Isso porque, conforme os relatos dos presentes, um dos personagens, o mais esquelético que aparece no vídeo, considerado o principal vilão da história, mostrou uma reação totalmente demoníaca. Sua boca, que consistia em apenas o maxilar preso ao crânio, começou a deslizar para trás e para frente, abrindo e fechando compulsivamente.
Uma garotinha que estava assistindo ao teatro, sem entender, perguntou ao boneco porque ele estava fazendo isso. Foi então que algo muito errado aconteceu. O boneco ignorou a menina e respondeu olhando diretamente para a câmera: “Para arrancar sua pele!”.



20:49

Bloody Mary

Bloody Mary (conhecida também como Maria Sangrenta, ou Bruxa do Espelho) é uma lenda urbana que faz parte do folclore ocidental (e oriental, como visto em algumas produções do gênero cinematográfico). De acordo com a lenda, caso seu nome seja pronunciado três vezes em frente a um espelho, ela aparecerá para alguém que tenha envolvimento com alguma morte e tenha mantido segredo e arrancará seus olhos.
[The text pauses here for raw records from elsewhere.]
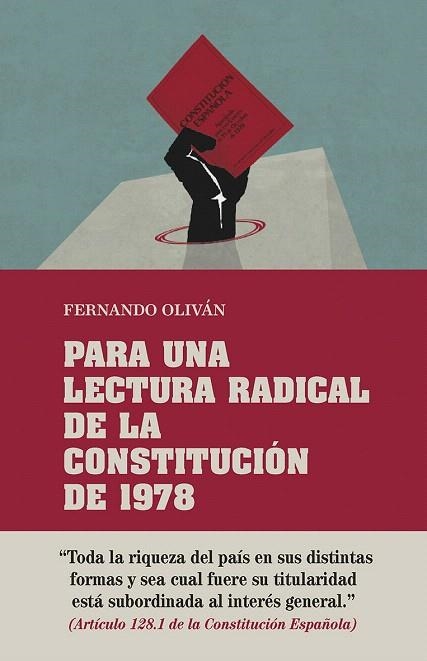 PARA UNA LECTURA RADICAL DE LA CONSTITUCIÓN DE 1978 | 9788416020782 | OLIVÁN,FERNANDO | Libreria Geli - Librería Online de Girona - Comprar libros en catalán y castellano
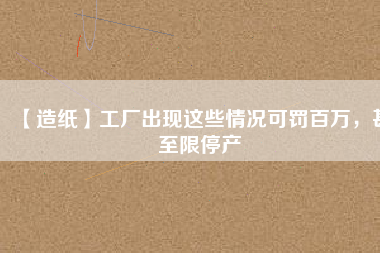 【造紙】工廠出現(xiàn)這些情況可罰百萬(wàn)，甚至限停產(chǎn)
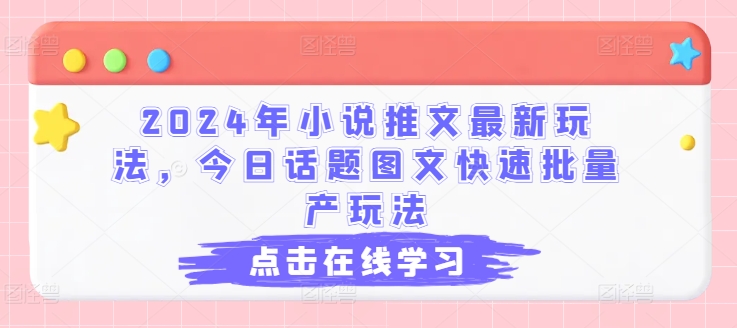 2024年小说推文最新玩法，今日话题图文快速批量产玩法-聚富社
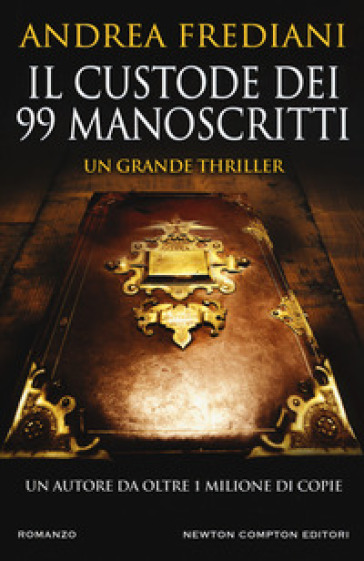 Il custode dei 99 manoscritti - Andrea Frediani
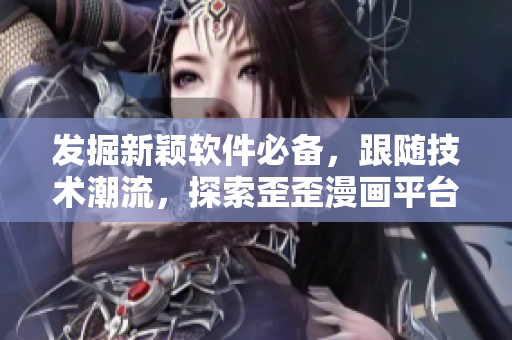 發(fā)掘新穎軟件必備，跟隨技術(shù)潮流，探索歪歪漫畫平臺(tái)的全球軟件市場(chǎng)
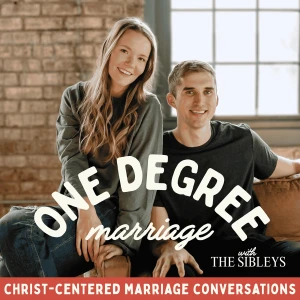 One Degree Marriage: a Christian Marriage Podcast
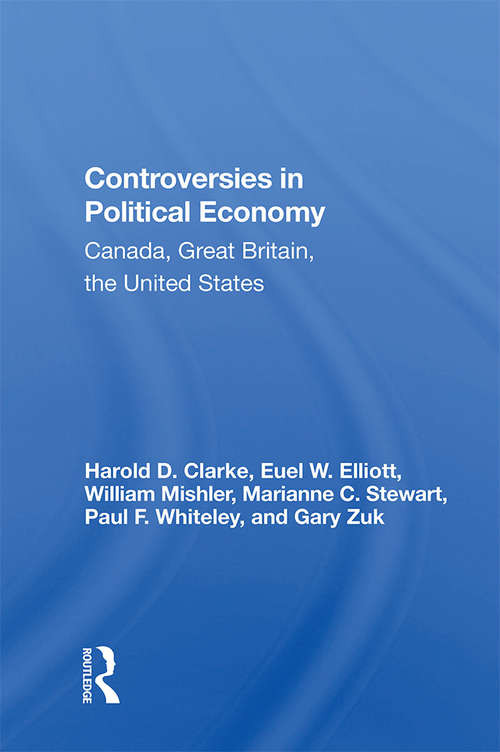 Controversies In Political Economy: Canada, Great Britain, The United States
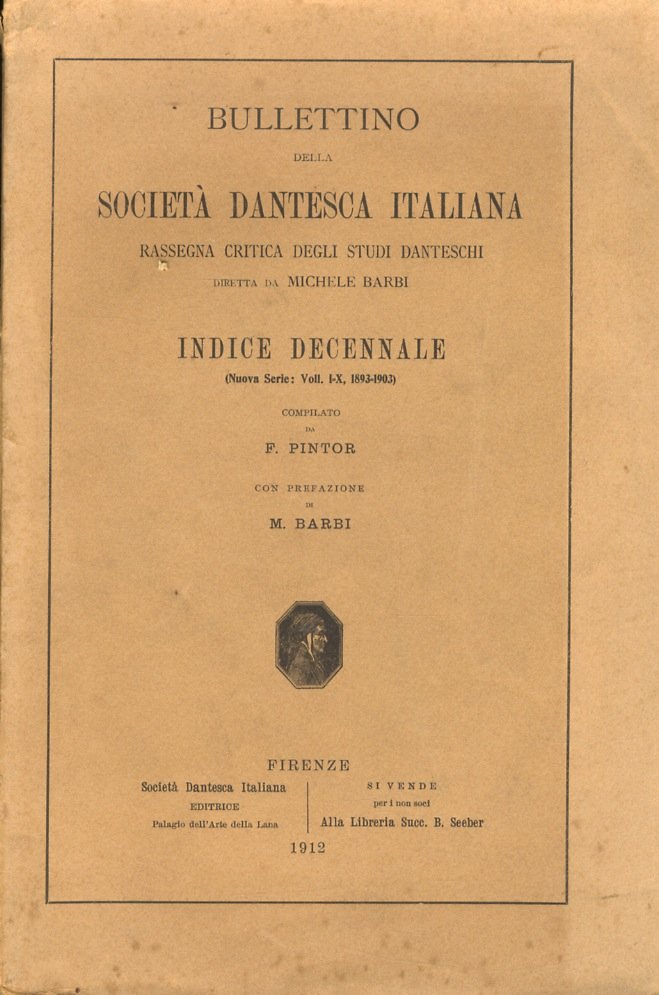 Bullettino della Società Dantesca Italiana. Rassegna critica degli studi danteschi …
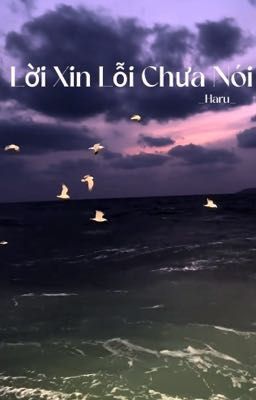 Lời Xin Lỗi Chưa Nói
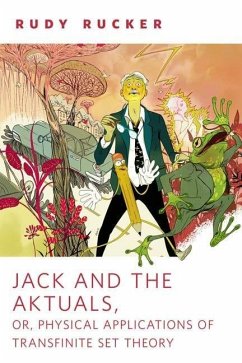 Cover Jack and the Aktuals, or, Physical Applications of Transfinite Set Theory (eBook, ePUB)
Dizem que Mary foi executada há 100 anos atrás, seus olhos foram arrancados e ela foi morta e deixada na frente de um espelho, ela foi morta por um cirurgião, mesmo quase morrendo a garota tentou ter forças para revelar seu assassino e com as mãos cheias de sangue fez um T no espelho ( o T era marca registrada do cirurgião). Dizem que Bloody Mary não é nada mais que uma justiceira, a história também relata que ela deixa gravado o nome de quem foi morto sem ter justiça antes de matar o assassino ou envolvido.